Consult the drop-down if you need a refresher on mutability. It's okay to skip directly to the questions and refer back here should you get stuck.

Some objects in Python, such as lists and dictionaries, are mutable, meaning that their contents or state can be changed. Other objects, such as numeric types, tuples, and strings, are immutable, meaning they cannot be changed once they are created.

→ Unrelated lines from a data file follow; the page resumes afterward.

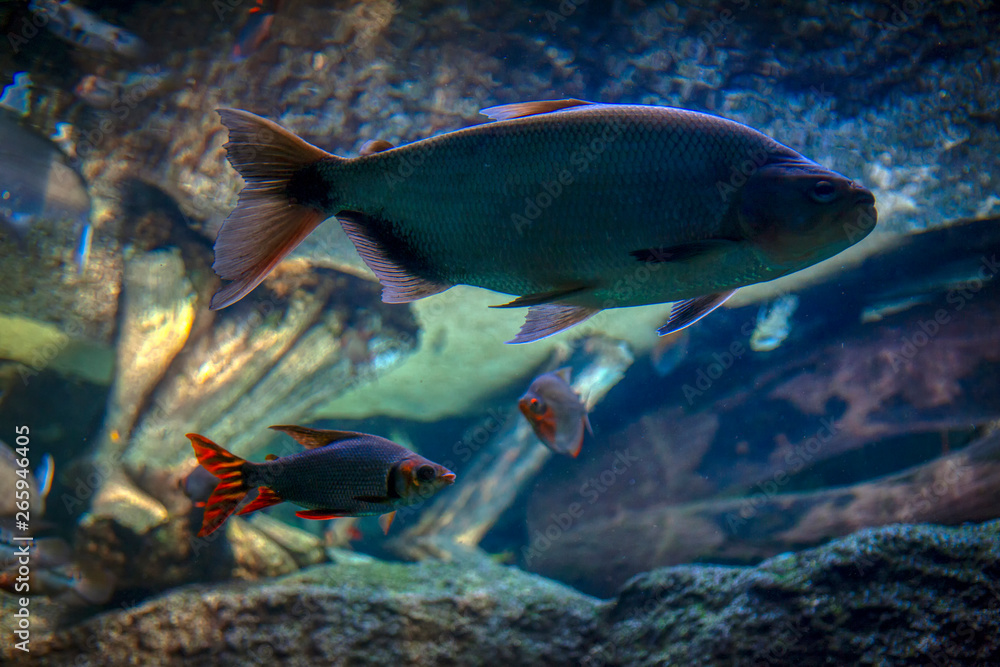 fish in deep transparent water fish in deep transparent water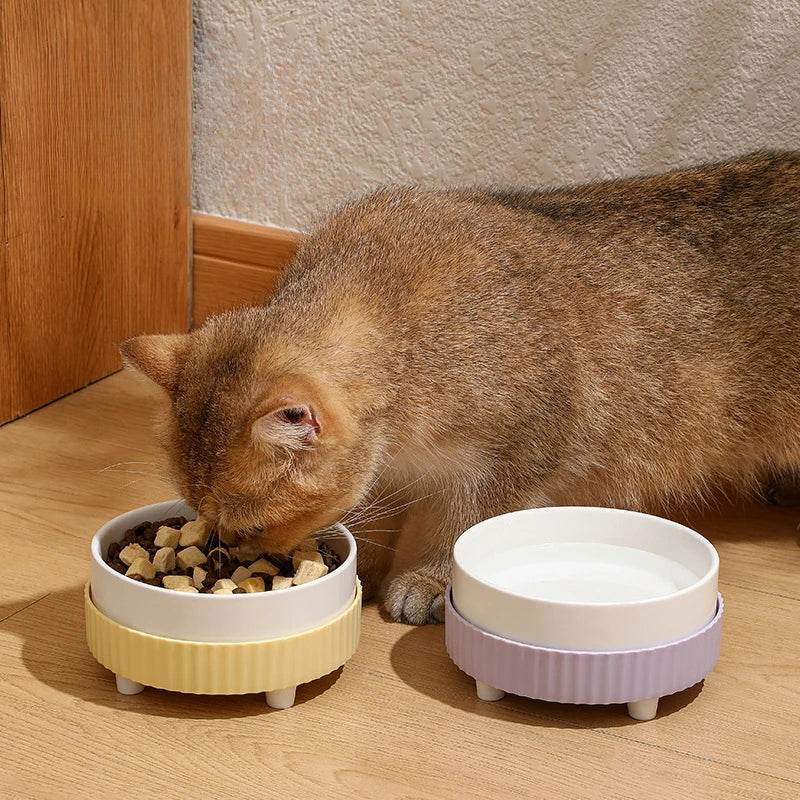 ceramic cat and dog bowl, view 9 - MRSLM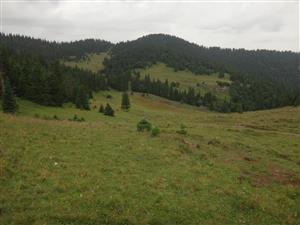 lokalita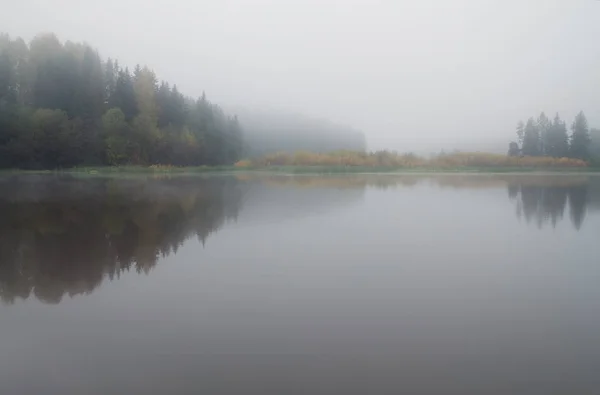 Reflexion Der Bäume Teich Einem Nebligen Morgen — Stockfoto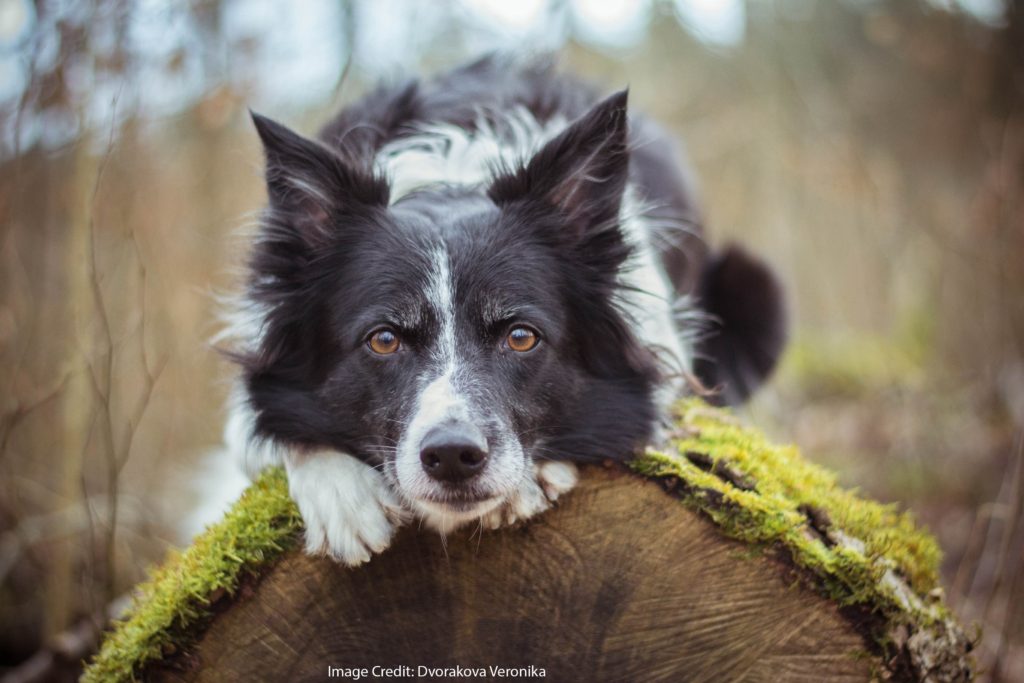 Good Dog! Goodbye, Dog…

The two most common mutation operations for lists are item assignment and the append method.

>>> s = [1, 3, 4]
>>> t = s  # A second name for the same list
>>> t[0] = 2  # this changes the first element of the list to 2, affecting both s and t
>>> s
[2, 3, 4]
>>> s.append(5)  # this adds 5 to the end of the list, affecting both s and t
>>> t
[2, 3, 4, 5]

There are many other list mutation methods:

append(elem): Add elem to the end of the list. Return None.
extend(s): Add all elements of iterable s to the end of the list. Return None.
insert(i, elem): Insert elem at index i. If i is greater than or equal to the length of the list, then elem is inserted at the end. This does not replace any existing elements, but only adds the new element elem. Return None.
remove(elem): Remove the first occurrence of elem in list. Return None. Errors if elem is not in the list.
pop(i): Remove and return the element at index i.
pop(): Remove and return the last element.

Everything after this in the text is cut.